Work instructions
All lines in the records below from the line with "Used 2023 Jeep" through the line with "Bright 1 Bedroom Edinburgh Apartment" are to be given again exactly, both ends included; the pictures are to be left out.

Data for this exercise
*** Begin section ***
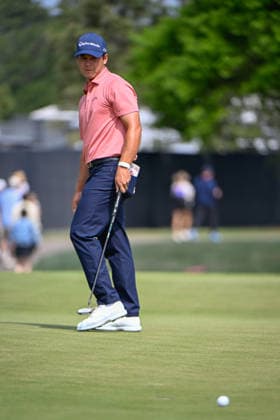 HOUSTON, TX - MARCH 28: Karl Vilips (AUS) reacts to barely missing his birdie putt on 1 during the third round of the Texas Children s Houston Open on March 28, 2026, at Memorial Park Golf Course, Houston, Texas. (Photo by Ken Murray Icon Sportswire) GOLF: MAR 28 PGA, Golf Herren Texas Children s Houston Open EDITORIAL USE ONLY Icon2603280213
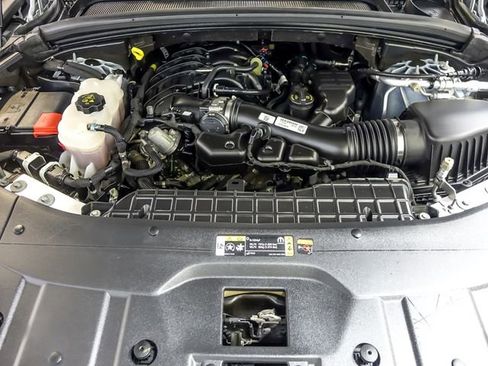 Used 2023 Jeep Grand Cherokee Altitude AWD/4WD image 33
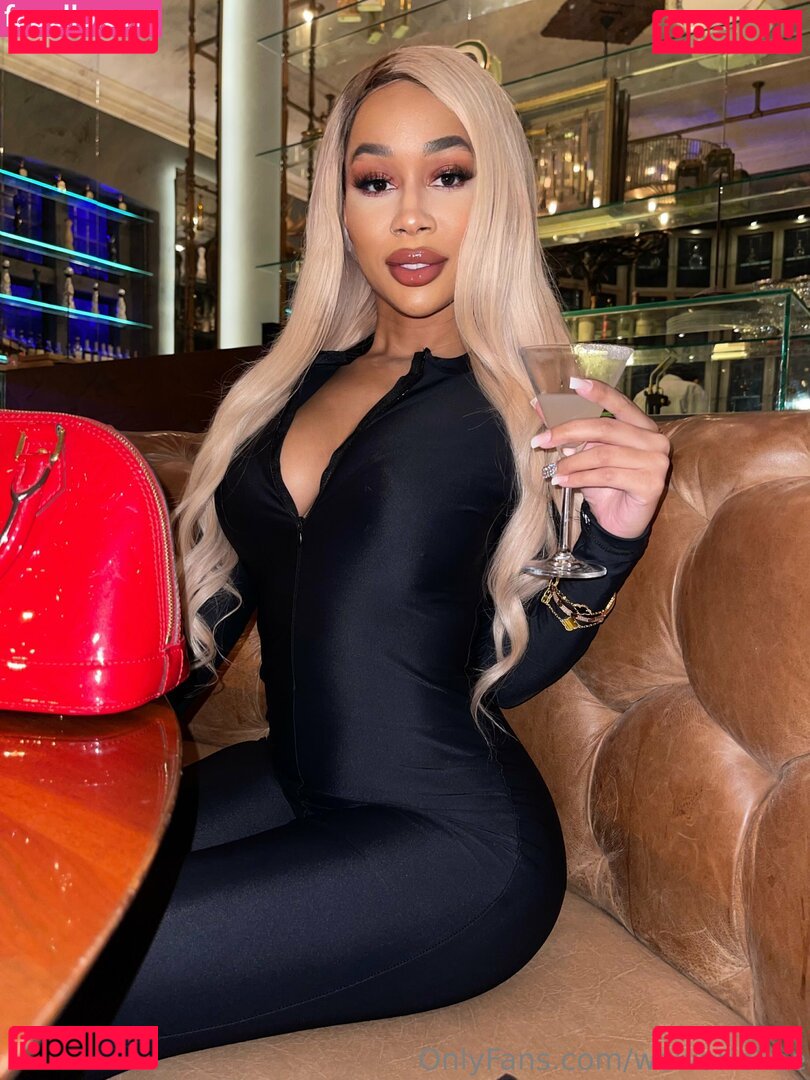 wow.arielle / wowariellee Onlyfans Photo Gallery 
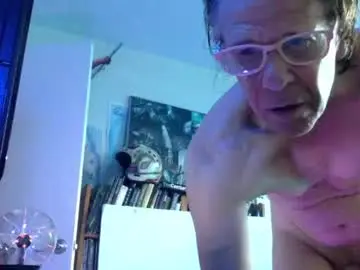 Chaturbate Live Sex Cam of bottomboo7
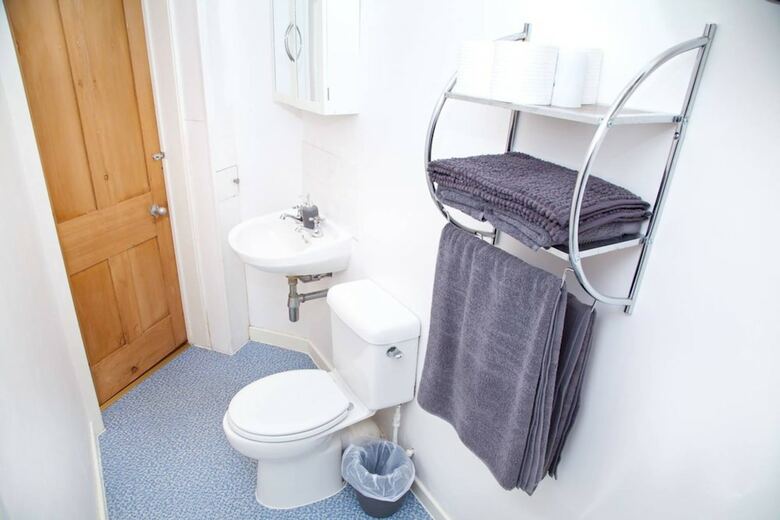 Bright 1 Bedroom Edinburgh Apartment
*** End section ***
*** Begin section ***
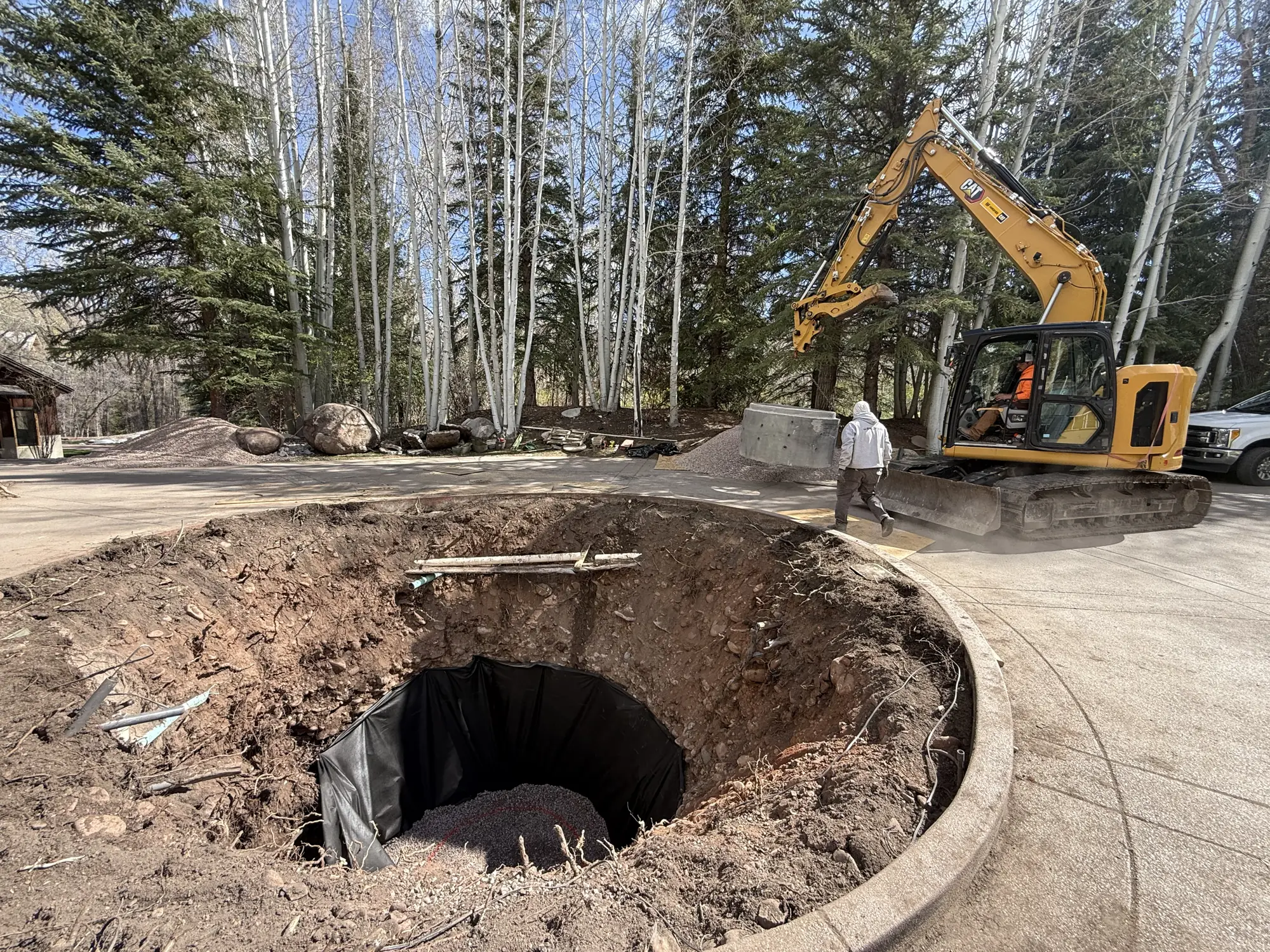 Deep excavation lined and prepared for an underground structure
*** End section ***
Exercise response
 Used 2023 Jeep Grand Cherokee Altitude AWD/4WD image 33
 wow.arielle / wowariellee Onlyfans Photo Gallery 
 Chaturbate Live Sex Cam of bottomboo7
 Bright 1 Bedroom Edinburgh Apartment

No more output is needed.